The following is a guide and specification for Prose, a custom output format. It is native to the codec_generator compiler project, meaning that it is not an established format with extant documentation. This document is intended to serve such a purpose.

Background

codec_generator is a project within the broad Tezos ecosystem, whose main product is a compiler framework written in OCaml. This compiler takes, as input, a set of data-encoding schema values, corresponding to the protocol-specific types defined throughout Octez. As output, it produces codecs.

A codec, in the general case, is a source-code module that defines a particular data-type and associated serialization/deserialization methods, intended to have a similar structure to the original type, and with the same encoding and decoding semantics and nuances as the original schema. Currently, support has been implemented for outputting Rust codecs, with support for TypeScript under active development as well.

A codec may also be a semi-formal description of the structural layout of a schema type, as is the case with the Prose output target.

Motivation

At the time that Prose was originally implemented, the compiler framework itself was hard-coded for producing only Rust codecs. In light of this, it was important to add a new output target, to guard against over-specialization in the design of the compiler as it evolved further. As the process of implementing support for a completely new programming language would have been prohibitive, it was sufficient to instead invent a simple-enough target format, to serve as a proof-of-concept for the extensibility of the compiler beyond just Rust.

Beyond this, there are two practical purposes that Prose serves in its own right:

A Prose codec can be used as a prototype for development of hand-written code in languages currently unsupported by codec_generator; in this way, it can partially obviate the need for consulting the original schema, which can be difficult to decipher, and relies on familiarity with both OCaml and the data-encoding library.

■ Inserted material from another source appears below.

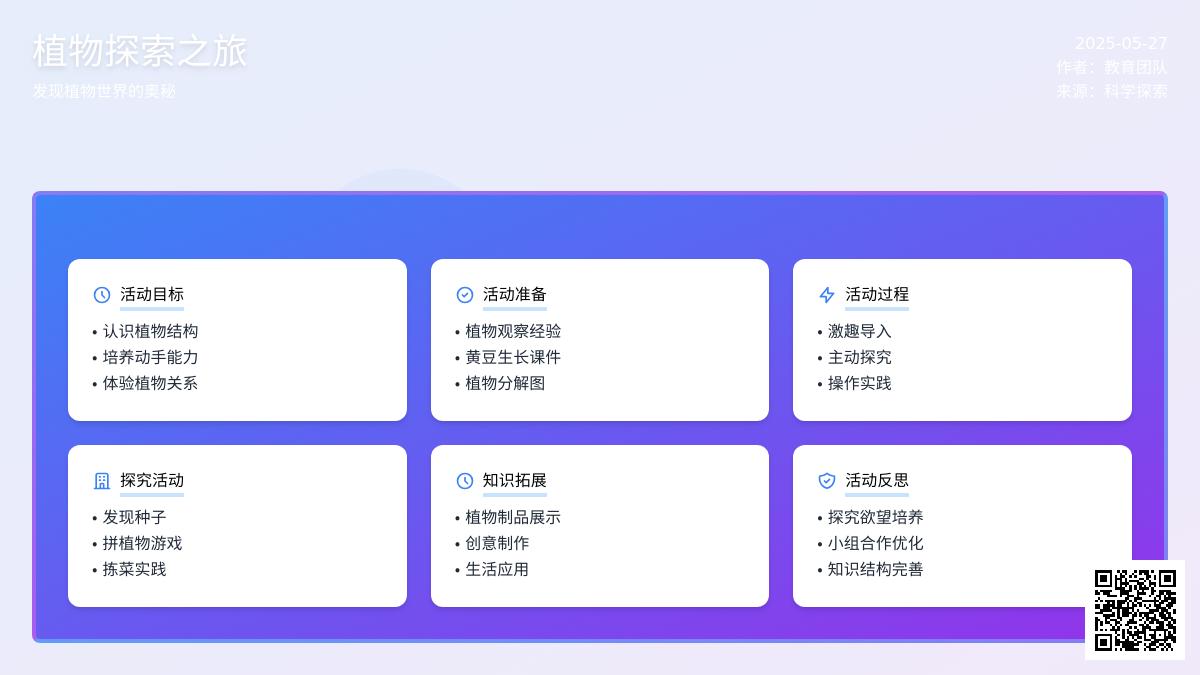 大班科学公开课植物的身体教案反思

Secondly, for the purposes of internal development of the codec_generator pipeline, Prose codec output can be used to debug the compiler itself: if there is an input schema that triggers an exception, or produces unexpected output for a different target language, the generated Prose codec is instrumental to determine the exact combination of properties that caused the failure.

How to Use

For developers working outside of codec_generator, there are two primary ways in which Prose codecs can be useful.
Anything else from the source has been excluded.